Dumb Credulity or Engaged Reflection?

Today's gospel from the RCL is Matthew's account of the temptation of Jesus (Mt. 4.1-11). Christians normally focus on this as proof of two things: a)Jesus was tempted to sin and b)Jesus did not sin. What they fail to consider, more than in passing, is that the entire temptation narrative is in the form of a debate over scripture.
Satan first challenges Jesus to prove that he is God's son by demonstraing that God will feed him in the wilderness as he did Moses, Elijah and the whole Hebrew people at the Exodus: “If you are God's son, order these stones to become loaves of bread.”
Jesus responds with a quote from Deuteronomy: “It is written, ‘Man shall not live by bread alone, but by every word that comes from the mouth of God.’”(Dt. 8.3)

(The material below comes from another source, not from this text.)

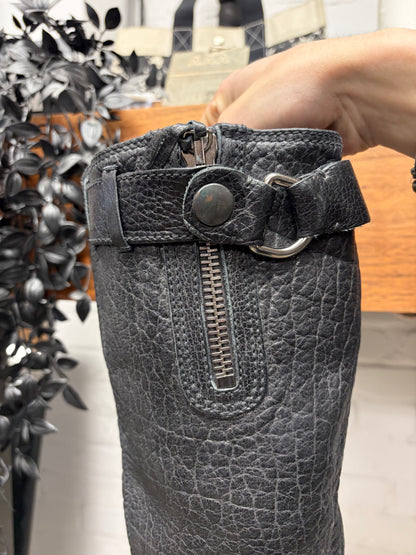 2000s Miu Miu Tumbled Black Calfskin Leather Mid Length Boots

So begins the rabbinical debate. The devil has a proof-text of his own: “If you are God's son, throw yourself down [from the top of the temple], for it is written, ‘He will command his angels concerning you,’ and ‘On their hands they will bear you up, lest you strike your foot against a rock.’” (Psalm 91.11,12) to which Jesus retorts, again from Deuteronomy:
“‘You shall not put the Lord your God to the test,(Dt. 6.16)’” but he is also alluding to Psalm 95.8,9: “Do not harden your hearts as in the Rebellion, during the day of testing in the desert, where your fathers tempted me;" which, in turn, alludes to the story of water coming from a rock in Exodus 17.
Finally, when urged to seek an empire of his own, Jesus reverts to Deuteronomy: “‘You shall worship the Lord your God and him only shall you serve.’” (Dt. 6.13)
When we see this not as a record of an historical conversation over public displays of power and Satan worship, but rather as an example of the right and wrong ways to approach the sacred texts we see that the wrong way is to cherry-pick isolated proof-texts to suit the occasion. The correct, rabbinical approach is to challenge the text that does not agree with ones own good judgment and put it in a larger context. (God may have promised not to allow his faithful to stump their toes on a rock, but he also used a story about a rock to warn against demanding miraculous solutions to human problems) The Qur'an makes a similar point in Sura 3.7--some scriptures are to be taken at face value--others are metaphors. Only God knows which is which. The only way we can discern the mind of God is to force our own minds to grapple with the text.